そして、ベオ・ギルトはなんとここの職員だった。レイの目にも入る他の職員と同じグレーの制服を着ている。
制帽をきちんと白髪の上に被り直した男、ベオ・ギルトは受付でレイと机ごしにご対面し、不敵に笑っている。
「どうだ、驚いたかな」
「いえ、うすうすそんな気がして」
「ま、そこも含めてテストだからな。戦うこと以外も優秀なようで何よりだ」
「そんなテストがあるのは初耳ですが……それよりあの子供たちは? ベオ・ギルトという人は人気があり慕われているのですね?」
「あぁ。ガキどもなぁ。慕われていて人気かどうかはおたくさんのご想像にお任せするが、暇なときにあんな風に遊び相手をしてやってるんだ、それで他よりポイントを稼げているんだろうよ。それでさっきのを街を一周するいつもの駆けっこか何かだと勘違いしたようだ、ははは、まぁ大目に見てくれ。──あ、それよりもだ。さっそく本題の登録の方に取り掛かりたいんだが、お名前は──?」
「レイ・ミラージュ」
「ほぉ。いい響きだ。以前のご職業は」
「んー。……一介の菓子売りです」
「考えたな。どんな菓子かは気になるが、まぁ一旦いいさ。じゃあこれが集めた破鏡の取り分の2万2000シモン、登録料を差し引いておいたから抜けてないか確認してくれ。そしてこれが、」
「認証のミラーツール?」
「よく勉強しているな。その通りこれが認証のミラーツールで、今日今を持ってエスティマの【魔獣狩り】としておたくさん、レイ・ミラージュが認められた証だ。これにて、正式にな」
「これが【魔獣狩り】としての、エスティマの……!」
「あぁそうだ。銀の国のエスティマだが、黄色なのはご愛嬌だ。銀色だと他のミラーツールと混同し分かりにくいからな」
受付の机上にて受け渡された、レイがおもむろに手に取った認証のミラーツール。手のひらに置き、眺める。淡い黄色の輝きを放つ特別な証は、ダイヤの形をしている。

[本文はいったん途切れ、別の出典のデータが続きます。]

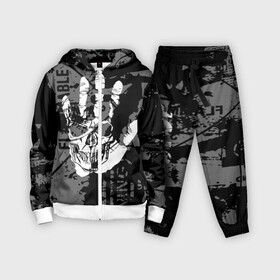 Детский костюм 3D с принтом Stop Covid 19 в Рязани,  |  | black | caution | gray | halloween | hand | skeleton | skull | stop | white | белый | предупреждение | рука | серый | скелет | хэллоуин | череп | черный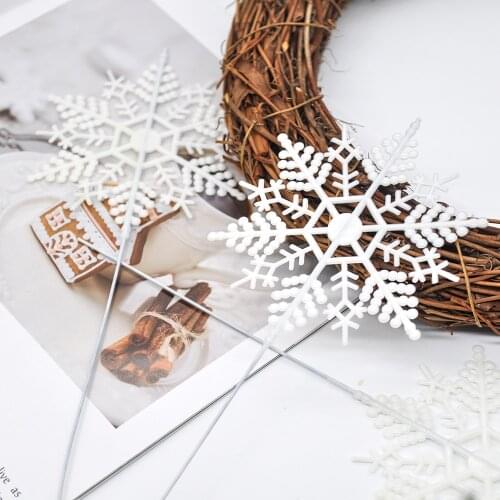 6PCS White Snowflake Branch Christmas Tree Decoration Birthday Party Cake Making Holiday New Year Decoration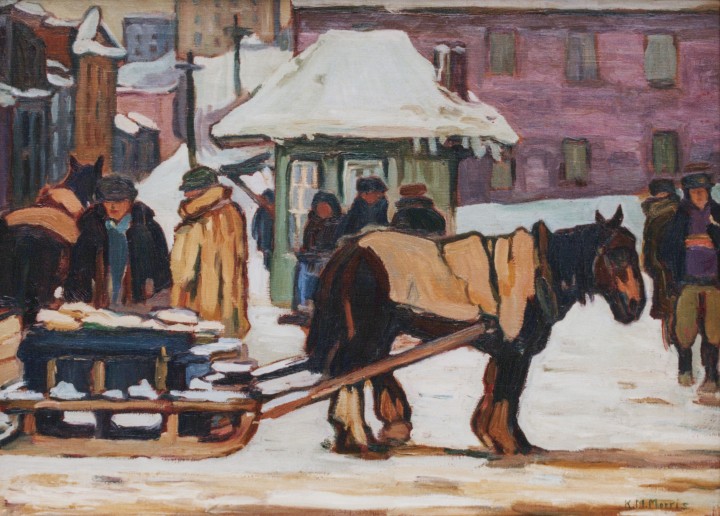 Kathleen M. Morris, Wood Cart, St. Roch's Market, Quebec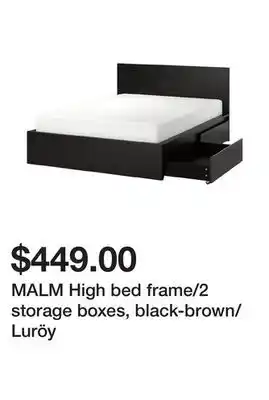 Ikea Malm high bed frame/2 storage boxes, black-brown/luröy offer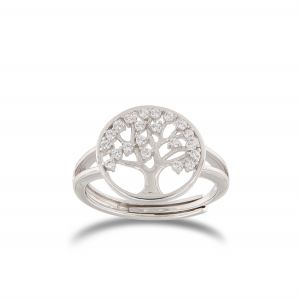 Tree of life ring with cubic zirconia
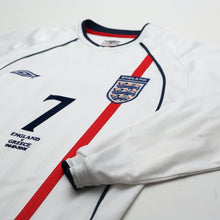 Load image into Gallery viewer, 2001/03 Beckham #7 England Vintage Umbro L/S Home Greece Football Shirt (S)5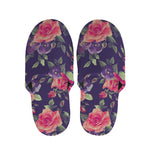Rose Pansy Floral Flower Pattern Print Slippers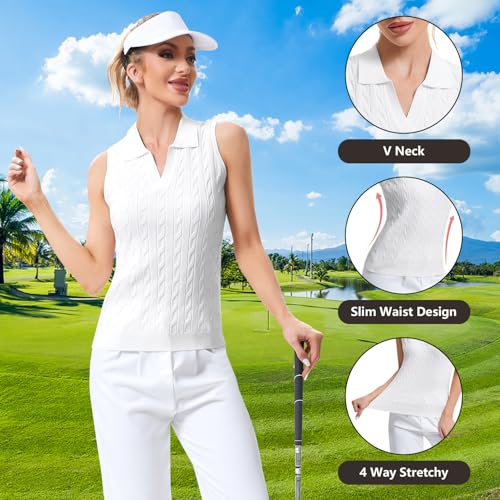Soneven Womens Sweater Vest Sleeveless Golf Shirts Cable Knit Polo Sweater Tops Slim Fit Casual Vest2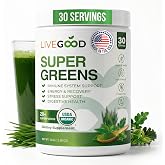 LIVEGOOD Daily Greens Powder Organic Blend for Digestion &amp; Focus &ndash; Super Greens Supplement Powder for Immune Support &ndash; 30 Servings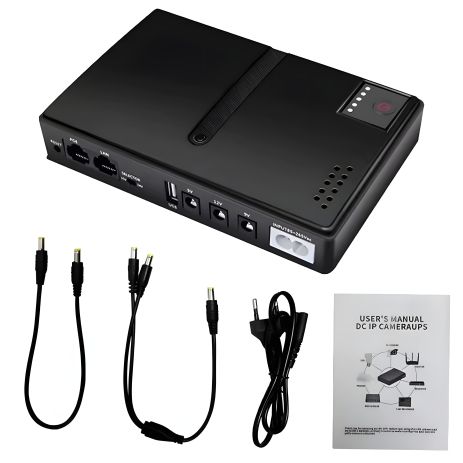 ИБП UPS для Роутера DC1018L+AKB 12000 mAh выход 12V/ 9V +USB 5V +POE (Заменяемые АКБ 18650 4шт в комплекте) BLACK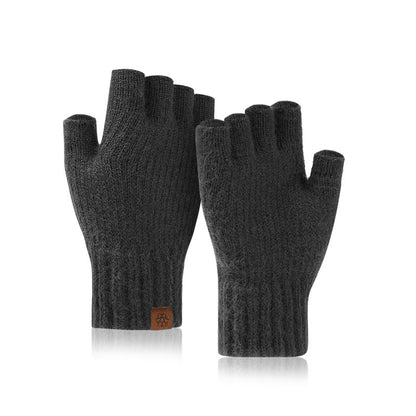 Men's Outdoor Knitted Thermal Fleece-Lined Half-Finger Gloves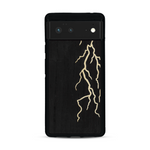 Coque de protection en bois véritable fabriquée en France pour  alliant plusieurs essences de bois pour représenter un éclair divin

レイ・ミラージュがエスティマ国の魔獣狩りとして正式に認められた証だと、彼女の登録を担当したベオ・ギルト職員は誇らしげに言う。
集めた破鏡を売り捌いた報酬この世界ガライヤの紙幣2万2000シモンと、認証のミラーツール。あらたな一歩を踏み出し手に入れた子爵令嬢レイ・ミラージュの冒険は、ここエスティマ国あらたな舞台で、淡くもちいさくも、確かにその輝きを放っている。
レイは手のひらに置き、やがて魔力に反応し浮かんだ、ライトイエローのダイヤの形と輝きを見て微笑う。
同じ目線まで浮かべて、その彼女のもつ黒とクリーム色の珍しい瞳で見つめ、珍しげにいつまでも眺めていた────。